KFTU-CD began with an original construction permit granted on August 26, 1991, to Ponyland Broadcasting (later Venture Technologies Group) for a low-power television station to serve Tucson on UHF channel 25 with the callsign K25EA. Delays building the station caused the permit to lapse and the FCC to delete the callsign in 1993, but the station was restored and came on the air in August 1994, with the initial license granted August 29, 1994. The station changed its callsign to KTAZ-LP (for Tucson, Arizona) on December 18, 1996. In April 2001, Venture Technologies sold the station to Douglas Broadcasting, who, in turn, sold the station to Univision in September 2001. After the Telefutura network launched in January 2002, Univision dropped the station's Home Shopping Network affiliation in favor of its new network. About the same time, KTAZ was granted Class A status, and changed its call letters to KTAZ-CA on March 1, 2002. KTAZ found itself displaced when Fox affiliate KMSB (channel 11) neared launch of its digital television station on UHF channel 25, and in May 2002, applied to move to UHF channel 34. The application was granted in June, and by December 2002, the station was at its new broadcast channel.

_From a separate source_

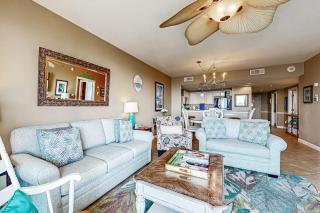 Gorgeous beachfront condo with view of the gulf plus a pool - 6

Univision changed the station's call letters to KFTU-CA on November 6, 2004, establishing brand identity with its principal station in Douglas. The station's call sign was changed again on March 19, 2012, concurrent with its transition to digital broadcasting.

The KTAZ call letters would resurface in Phoenix in 2006, when the Telemundo station there began branding itself as Telemundo Arizona.

==Technical information==
===Subchannels===
The station's signal is multiplexed:

Subchannels of KFTU-DT
| Channel | Res. | Short name | Programming |
| 3.1 | 1080i | KFTU-DT | UniMás |
| 3.2 | KUVE-HD | Univision (KUVE-DT) |

===Analog-to-digital conversion===
Because it was granted an original construction permit after the Federal Communications Commission (FCC) finalized the DTV allotment plan on April 21, 1997, the station did not receive a companion channel for a digital television station. Instead, on June 12, 2009, which was the end of the digital TV conversion period for full-service stations, KFTU-TV was required to turn off its analog signal and turn on its digital signal (called a "flash-cut").

However, since its analog channel position was in the low-VHF range (channels 2–6), KFTU-DT was allowed to select a different channel to use after the conversion. KFTU-DT selected UHF channel 36 and began operations on that channel once the digital transition was complete.

KFTU-CD did not apply for a companion channel for the digital conversion; as a low-power television station, it was exempt from the 2009 analog shutdown. The station was issued a digital license to cover on March 19, 2012.

===Former translator===
KFTU-DT previously had another repeater station in Tucson, K48GX (analog channel 48), that provided over-the-air coverage to areas to the northwest of Tucson that are shielded by terrain from the KFTU-CD signal. Univision surrendered the license for K48GX to the FCC on June 5, 2015, and it was cancelled on June 8.